[PROVIDED RECORDS — start]

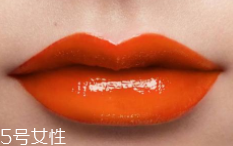 怎么涂口紅不顯唇紋？關鍵是做好打底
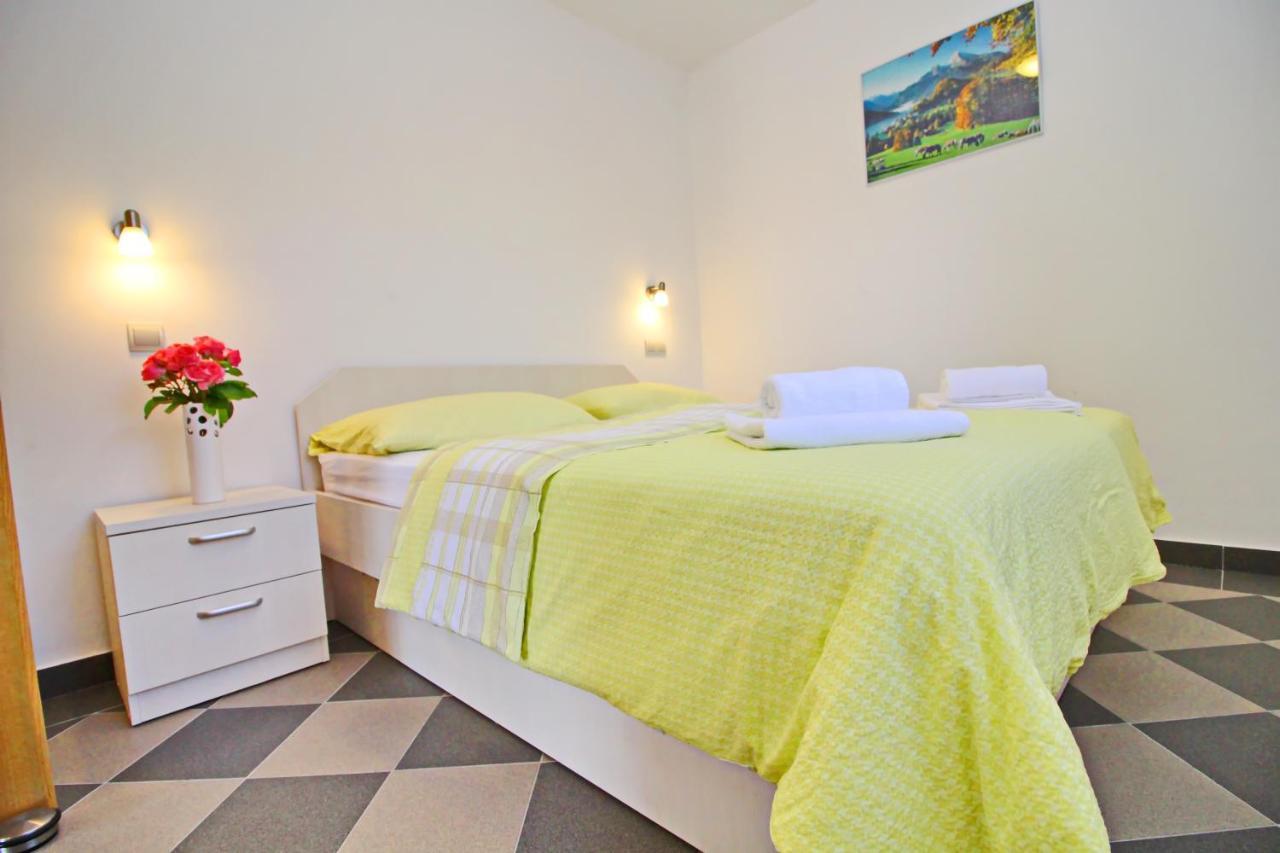 Apartments Gusti Drače Екстериор снимка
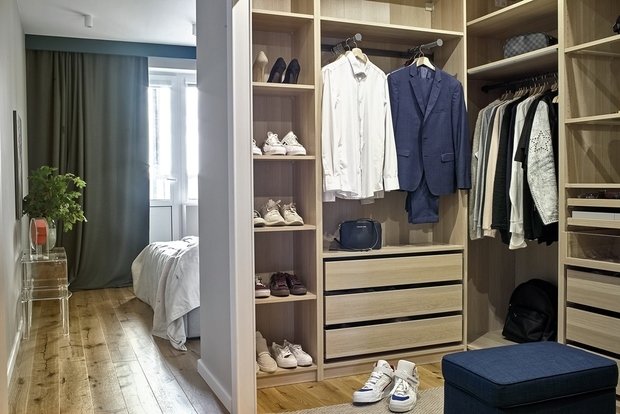 Фотография: Гардеробная в стиле Современный, Скандинавский, Квартира, Проект недели, Санкт-Петербург, Наталия Худая, 2 комнаты, 60-90 метров, Монолитно-кирпичный – фото на INMYROOM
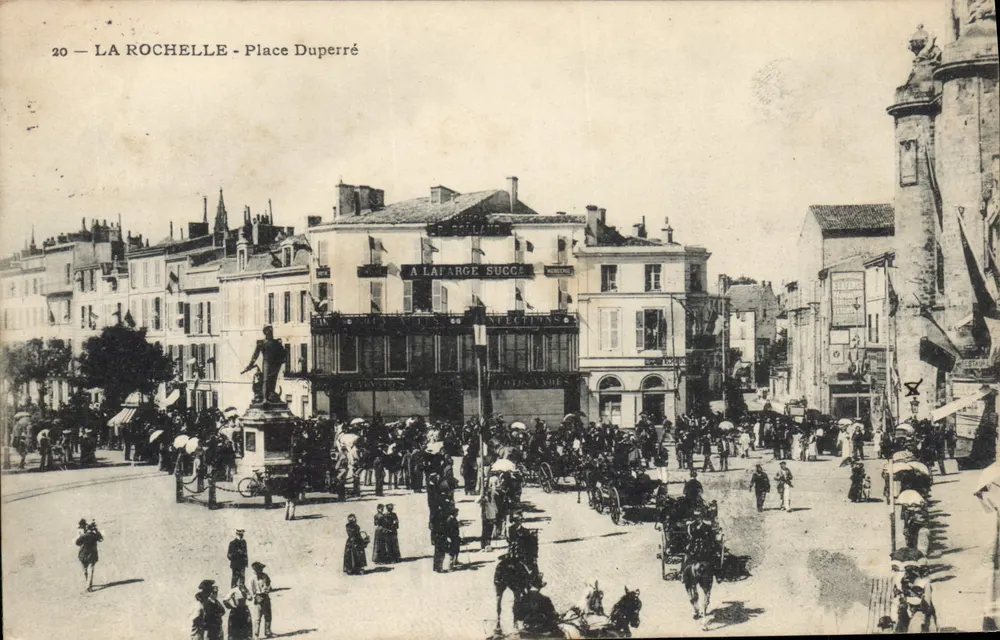 La Rochelle - Praça Duperré — vista animada com estátua e loja 'La Lafarge Succ' — editor desconhecido, n° 20 - Frente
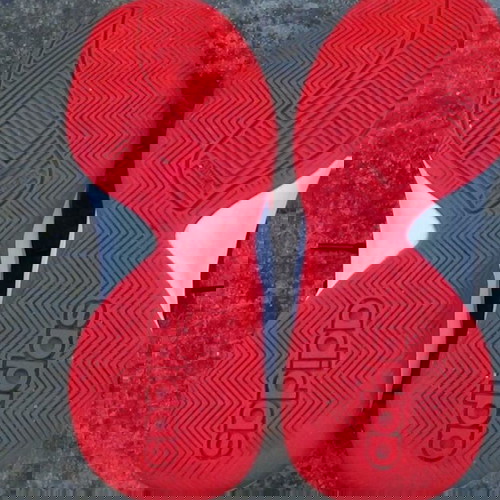 Παπούτσια μπάσκετ Adidas Own The Game Wide Νο 33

[PROVIDED RECORDS — finish]

**GOAL OF THE EXERCISE:** Reproduce the opening lines of the material above exactly, ending with the line that contains "Фотография: Гардеробная в". Omit every picture.

**ANSWER BOX:**
 怎么涂口紅不顯唇紋？關鍵是做好打底
 Apartments Gusti Drače Екстериор снимка
 Фотография: Гардеробная в стиле Современный, Скандинавский, Квартира, Проект недели, Санкт-Петербург, Наталия Худая, 2 комнаты, 60-90 метров, Монолитно-кирпичный – фото на INMYROOM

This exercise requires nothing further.